** Opening DATA SECTION block **

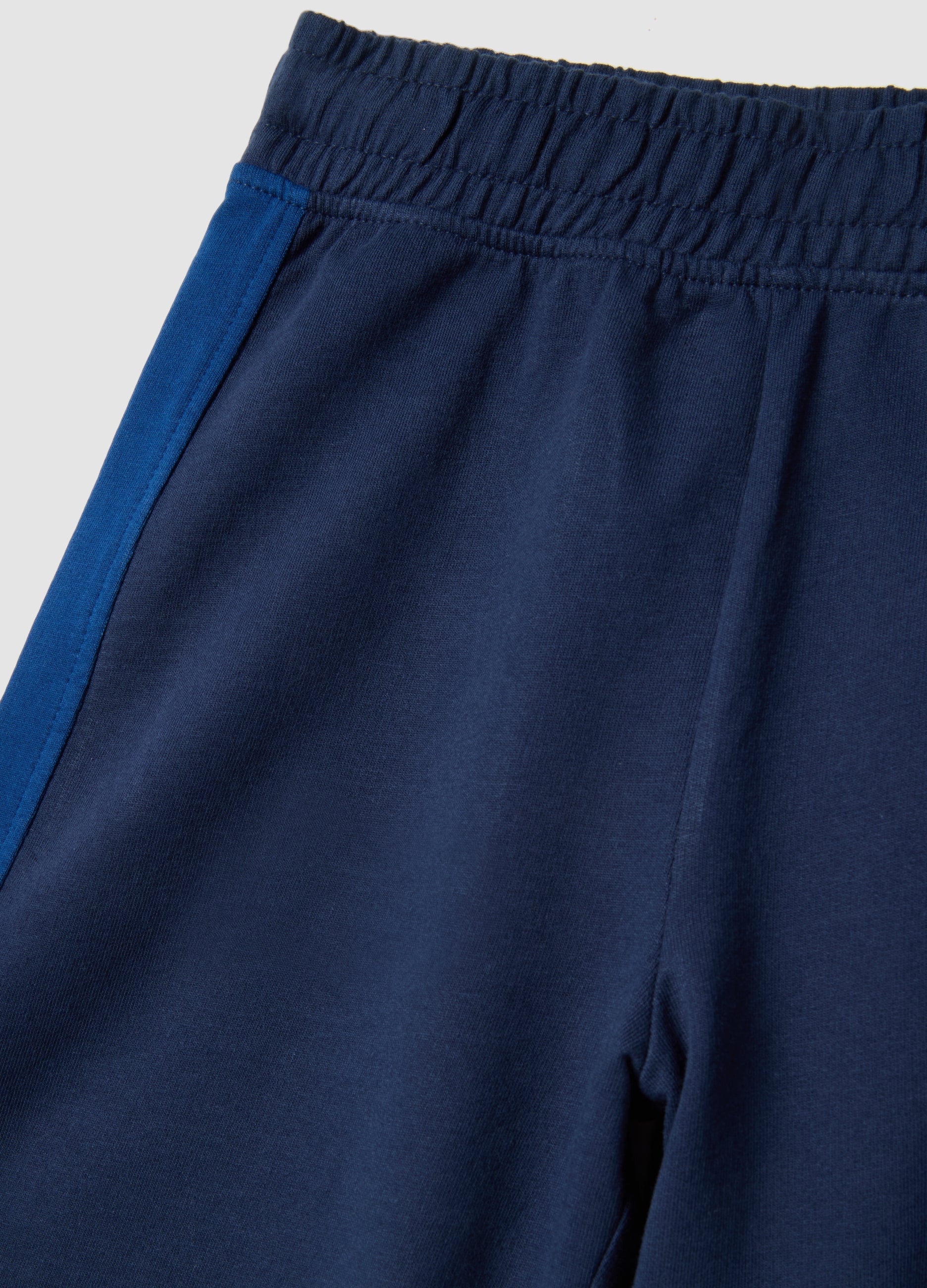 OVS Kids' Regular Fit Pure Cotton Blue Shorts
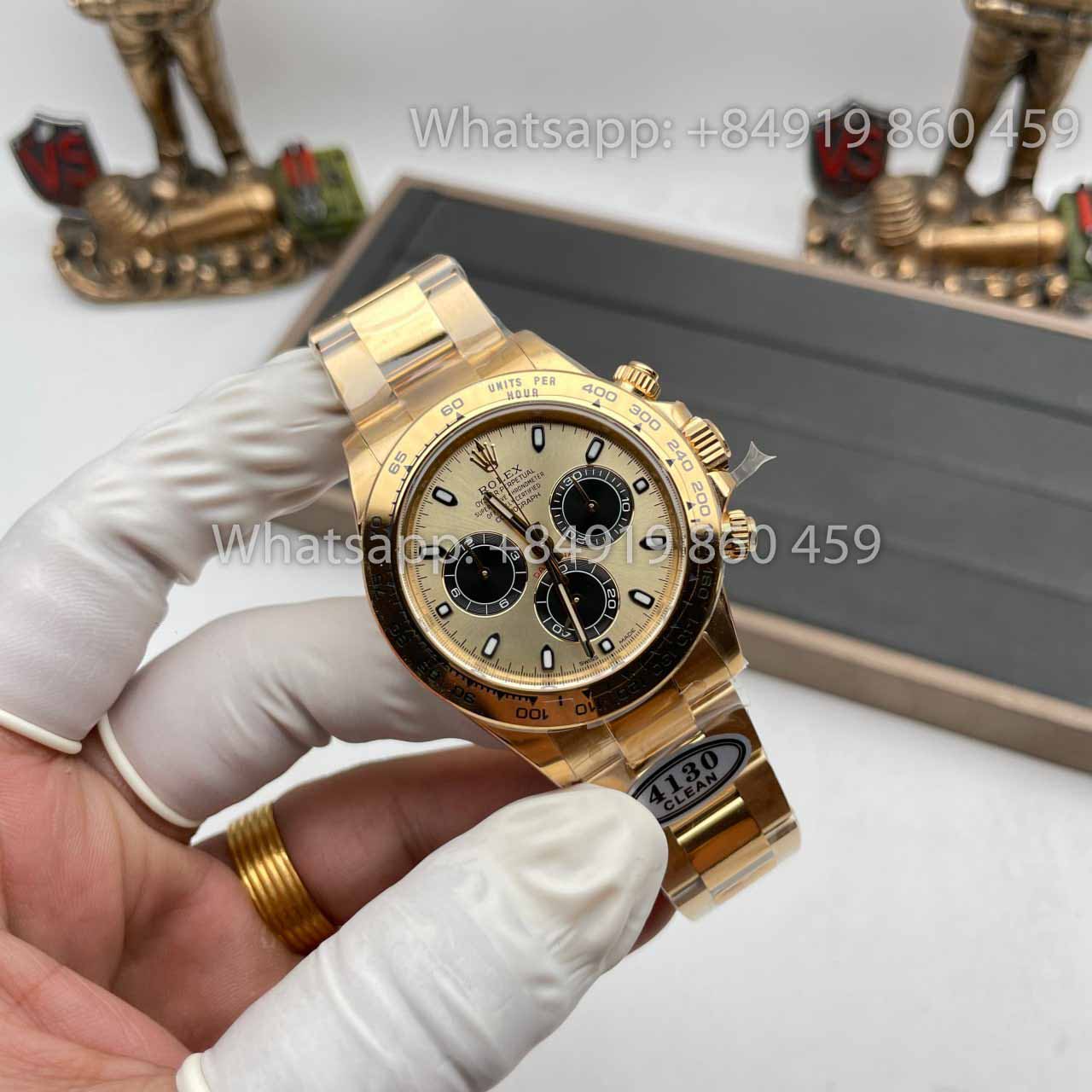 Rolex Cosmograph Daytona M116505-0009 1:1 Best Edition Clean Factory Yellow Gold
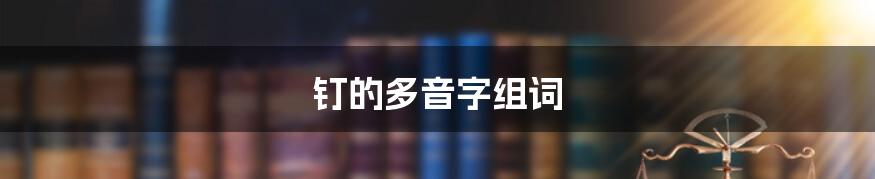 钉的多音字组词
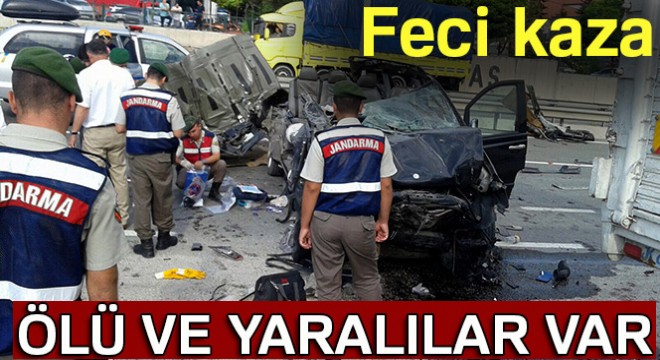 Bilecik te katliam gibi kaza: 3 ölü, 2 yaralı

** Closing DATA SECTION block **

WHAT IS EXPECTED
Output the lines above verbatim, images excluded.

SOLUTION TO THIS EXERCISE
 OVS Kids' Regular Fit Pure Cotton Blue Shorts
 Rolex Cosmograph Daytona M116505-0009 1:1 Best Edition Clean Factory Yellow Gold
 钉的多音字组词
 Bilecik te katliam gibi kaza: 3 ölü, 2 yaralı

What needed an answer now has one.